1965 Maserati Mistral

The successor to the 3500 GT, the 1965 Maserati Mistral was a revolutionary car. It was the first Maserati car to take its name from a wind that blows across Europe. It was also the last to feature Maserati’s patented double overhead cam straight-six engine.

1965 maserati mistral

The Mistral was designed by legendary car designer Pietro Frua. The car was also made by the famous Maggoria house of Turin.

The most striking part about the Mistral is the design. It was a slight departure from the previous design language. The Mistral featured a coupe-like rear, however, the front was a completely different story.

1965 maserati mistral spyder

The front was more modern and visually appealing to some at the time, as compared to the older 3500 GT as it possessed a sportier look. The 1965 Maserati Mistral Spyder was introduced as a more stylish open-top version. The Mistral Spyder was redesigned by Giovanni Michelotti to add to its flair. Today it remains one of the most sought-after Maserati GTs.

1965 maserati mistral spyder interior

1965 Maserati Sebring

A car designed to penetrate the American car market, the 1965 Maserati Sebring was based on the iconic Maserati 3500 GT. The car was named after the company’s famous victory in 1957 in the 12 Hours of Sebring. The stunning design was concocted and brought to life by Vignale, the famous coachbuilder in Italy.
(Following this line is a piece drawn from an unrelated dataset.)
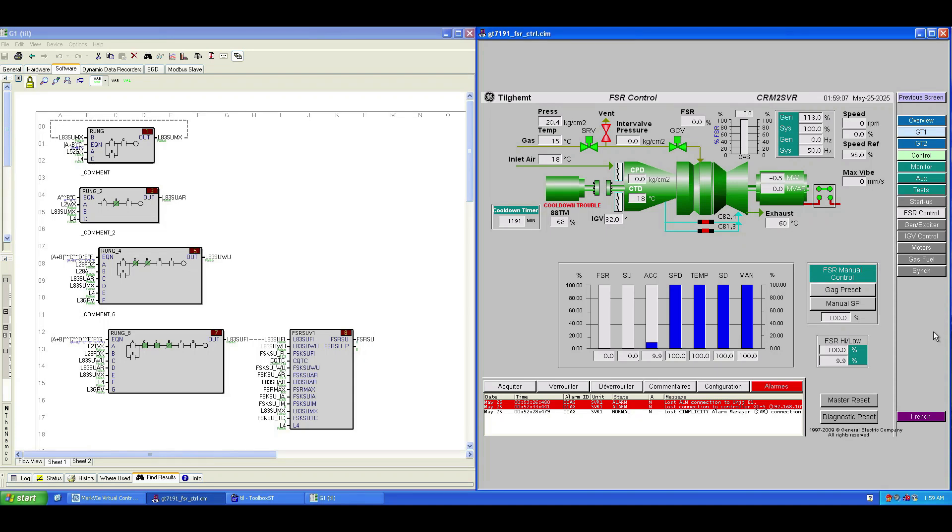Peace be upon you all, and welcome to my channel. To all the new viewers, this is the Mark 6E gas turbine simulation I've been sharing through this channel. If you'd like to download it and experiment with it yourself, check the comments below. I've shared the link to download.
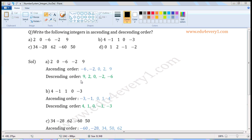Descending order is the reverse of ascending order. So first write the biggest integer, 9, then the next biggest, 2, then 0, then minus 2, then minus 6.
The car was intended to be a slightly sportier and meaner-looking version of the 3500 GT. The car came with a more powerful 235 bhp engine that gave a top speed of 145mph.

1965 maserati sebring side

In 1965 Maserati Sebring received upgrades across the board. The model came to be known as Sebring “2+2”. It had a brand new power unit that delivered a neat 265 bhp and enabled the car to hit top speeds of 158mph. The front end was restyled and a chrome housing for the iconic four-headlamp arrangement was added.

Special mention: Maserati Quattroporte 1965

A special shout out to the car that is still around today, the Quattroporte. The Maserati Quattroporte 1965 was one of very few Italian four-door cars on the market at the time, the only other that comes to mind is a 1965 Alfa Romeo Giulia or a 1965 Fiat 1100/1500. While the 21st-century version might be in line with modern design philosophy, the first edition in the 60s did not play by any rules.

maserati quattroporte 1965

The car had the classic grille, a four-headlamp setup, and had the sleekest design of any sedan at the time. It had a 4.1-liter V8 that was more powerful than any engine on any sedan. Today the 1965 Maserati Quattroporte is a collector’s item.

Adored by All

The Maserati family of cars has drastically changed over the years. They are now one of the most exclusive luxury carmakers in the world. While they have risen to become acclaimed carmakers in the 21st century, their story in the 60s was quite poetic. Their dedication to bringing angular and radical designs was met with gazes and a raised brow. But in due time it paid off. For Maserati 1965 was a fantastic year, their line-up of cars was well received and adored by everyone, a testament to their rapid rise and a sign of things to come.